Pycorrelate examples¶

This notebook shows howto use pycorrelate as well as comparisons with other implementations.

In [1]:

import numpy as np
import h5py

/home/docs/checkouts/readthedocs.org/user_builds/pycorrelate/conda/latest/lib/python3.6/importlib/_bootstrap.py:219: RuntimeWarning: numpy.dtype size changed, may indicate binary incompatibility. Expected 96, got 88
  return f(*args, **kwds)

In [2]:

# Tweak here matplotlib style
import matplotlib.pyplot as plt
import matplotlib as mpl
mpl.rcParams['font.sans-serif'].insert(0, 'Arial')
mpl.rcParams['font.size'] = 14
%config InlineBackend.figure_format = 'retina'
%matplotlib inline

In [3]:

import pycorrelate as pyc
print('pycorrelate version: ', pyc.__version__)

pycorrelate version:  0.3+24.gf9e109e

Load Data¶

We start by downloading some timestamps data:

In [4]:

url = 'http://files.figshare.com/2182601/0023uLRpitc_NTP_20dT_0.5GndCl.hdf5'
pyc.utils.download_file(url, save_dir='data')

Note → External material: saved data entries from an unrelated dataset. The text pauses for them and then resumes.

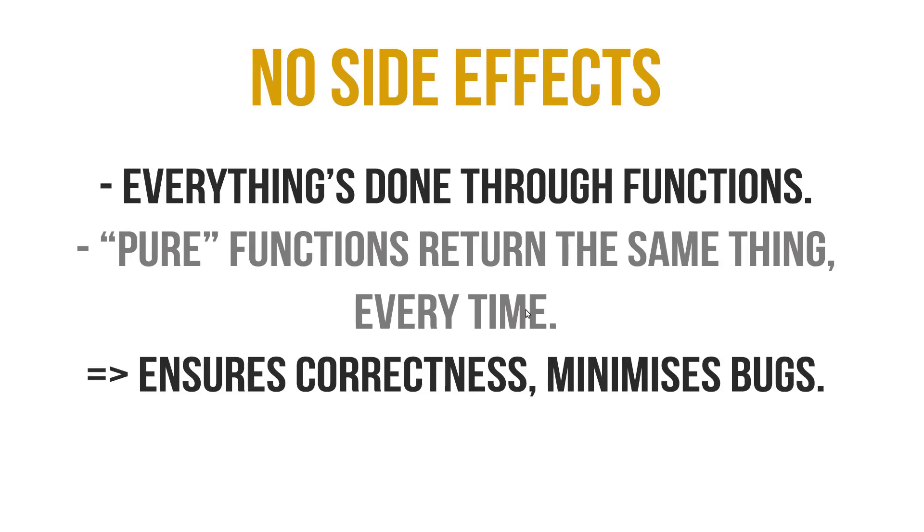But in general, Haskell encourages the use of pure functions because seeing the state and seeing transparency in the functions is generally a good thing. So when functions return the same thing in every instance, it cuts out a lot of work in debugging, which is a huge advantage.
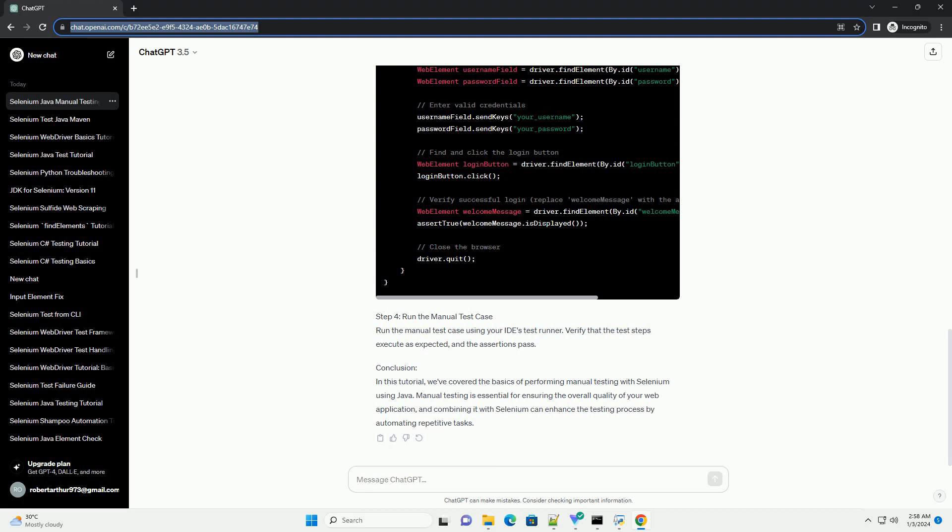Conclusion. In this tutorial, we've covered the basics of performing manual testing with Selenium using Java. Manual testing is essential for ensuring the overall quality of your web application, and combining it with Selenium can enhance the testing process by automating repetitive tasks.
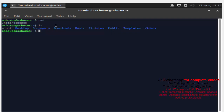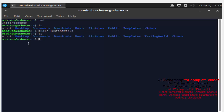Now I want to create one more directory here. The command is 'mkdir' followed by whatever directory name you want to give. I am giving the name 'testing word' — I want to create one more directory, we can call it a folder, with the name 'testing word'. As I press Enter we are not getting any error, which means the directory is created. I run 'ls' again and we can see one more directory with the name 'testing word'.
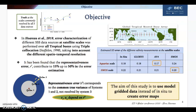In the previous work of Waro et al. 2018, error characterization of different SSS data at satellite scales was performed over tropical buoys, using triple collocation methods developed by Stoffelen, which take into account the different spatio-temporal resolution. In the triple collocation algorithm, the different spatio-temporal resolutions correspond to the so-called R-square, or representativeness error. It is the common true variance of System 1 and 2 not resolved by System 3. We need to have the correct value of the R-square to estimate the error and correctly intercalibrate the three data sources.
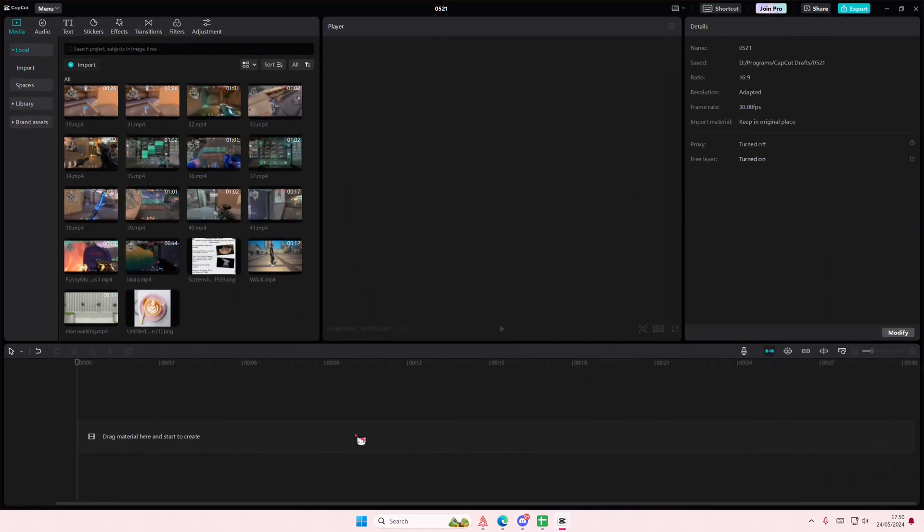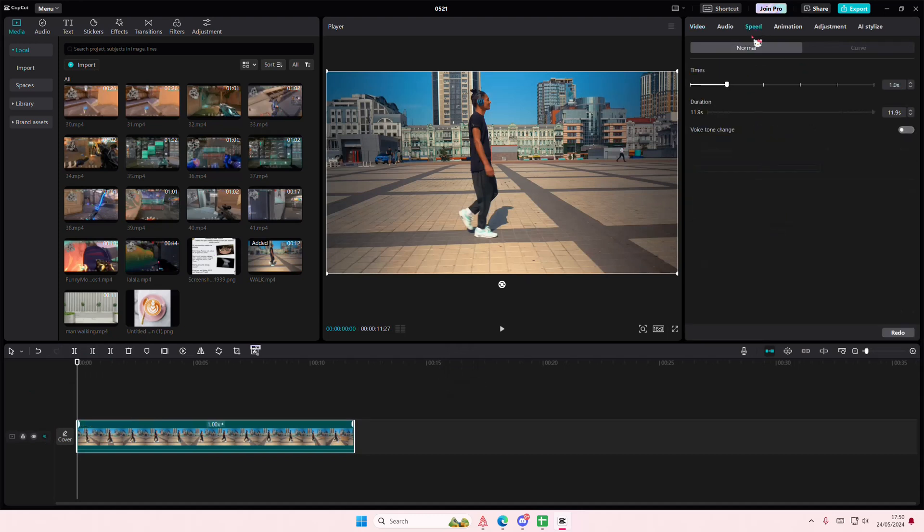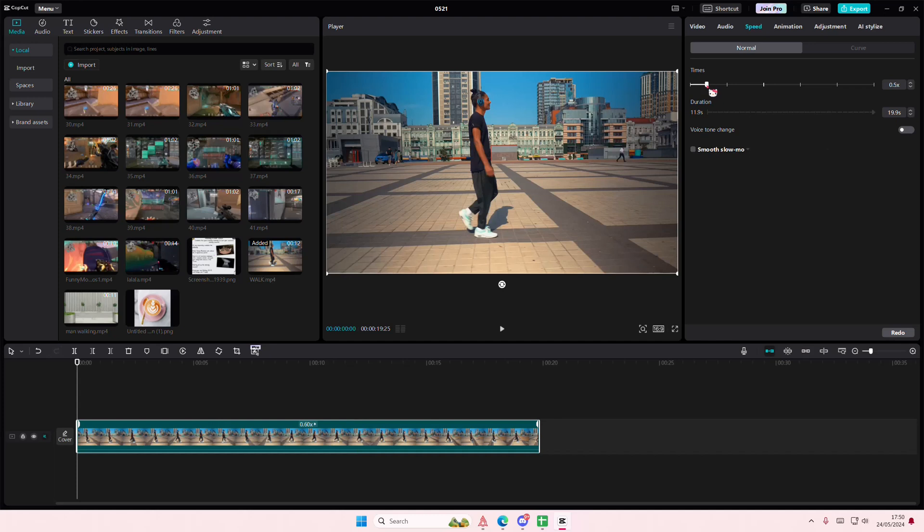Hey guys and welcome back to this channel. In this video I'll be showing you how you can fix smooth slow motion from not working. So if you go to speed here and you probably put it at the slower speed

URL:  http://files.figshare.com/2182601/0023uLRpitc_NTP_20dT_0.5GndCl.hdf5
File: 0023uLRpitc_NTP_20dT_0.5GndCl.hdf5

File already on disk: data/0023uLRpitc_NTP_20dT_0.5GndCl.hdf5
Delete it to re-download.

In [5]:

fname = './data/' + url.split('/')[-1]
h5 = h5py.File(fname)
unit = 12.5e-9

In [6]:

num_ph = int(3e6)
detectors = h5['photon_data']['detectors'][:num_ph]
timestamps = h5['photon_data']['timestamps'][:num_ph]
t = timestamps[detectors == 0]
u = timestamps[detectors == 1]

In [7]:

t.shape, u.shape, t[0], u[0]

Out[7]:

((839592,), (1844370,), 146847, 188045)

In [8]:

t.max()*unit, u.max()*unit

Out[8]:

(599.9994419125, 599.9984722875)

Timestamps need to be monotonic, let’s test it:

In [9]:

assert (np.diff(t) > 0).all()
assert (np.diff(u) > 0).all()

Log-scale bins (base 10)¶

Here we compute the cross-correlation on log10-spaced bins.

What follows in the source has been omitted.